Create a custom filter component

Creating a custom filter is probably the most common action a Baker user will perform.

In fact, filters are the components that apply the business logic to a Baker pipeline, creating or discarding records or modifying fields.

A working example of a custom filter can be found in the filtering example

To create a filter and make it available to Baker, one must:

  • Implement the Filter interface
  • Add a FilterDesc for the filter to the available filters in Components

The Filter interface

New Filter components need to implement the Filter interface.

type Filter interface {
	Process(l Record, next func(Record))
	Stats() FilterStats
}
  • Process is the function that actually filters the records
  • Stats return statistics (FilterStats) about the filtering process

A very simple example of filter doing nothing is:

type MyFilter struct{
    numProcessedLines int64
}

func (f *MyFilter) Process(r baker.Record, next func(baker.Record)) {
    atomic.AddInt64(&f.numProcessedLines, 1)
    next(r)
}

func (f *MyFilter) Stats() baker.FilterStats { 
    return baker.FilterStats{
		NumProcessedLines: atomic.LoadInt64(&f.numProcessedLines),
    }
}

FilterDesc

To be included in the Baker filters, a filter must be described by a FilterDesc object:

var MyFilterDesc = baker.FilterDesc{
	Name:   "MyFilter",
	New:    NewMyFilter,
	Config: &MyFilterConfig{},
	Help:   "This filter does nothing, but in a great way!",
}

This object has a Name, that is used in the Baker configuration file to identify the filter, a costructor function (New), a config object (used to parse the filter configuration in the TOML file) and a help text.

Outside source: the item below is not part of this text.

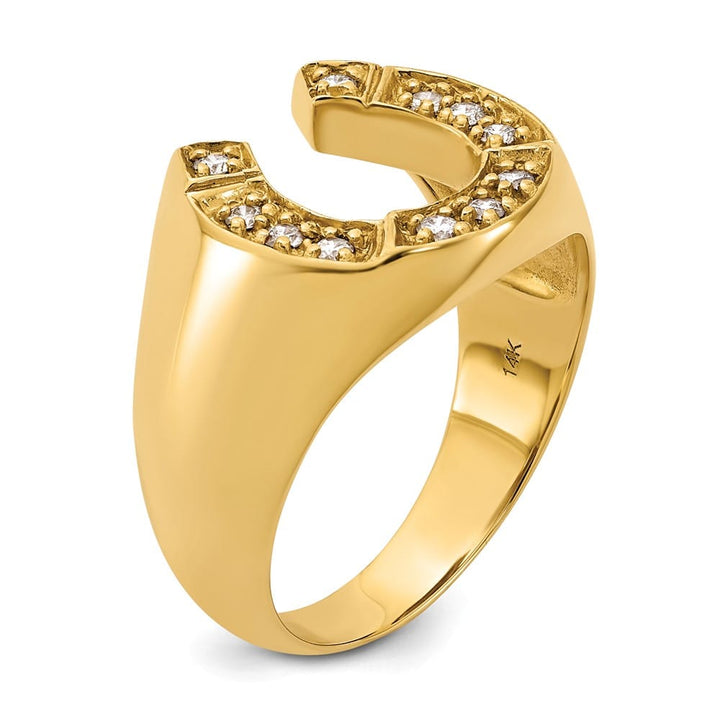 14k Yellow Gold 1/5 Carat Diamond Horseshoe Men's Ring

In this case the filter can be used with this configuration in the TOML file:

[[filter]]
name = "MyFilter"

The New function

The New field in the FilterDesc object should be to assigned to a function that returns a new Filter.

Each filter must have a constructor function that receives a FilterParams and returns the Filter interface implemented by the filter:

func NewMyFilter(cfg baker.FilterParams) (baker.Filter, error) {
	return &MyFilter{}, nil
}

The filtering example shows a more complex constructor that also uses the FilterParams argument.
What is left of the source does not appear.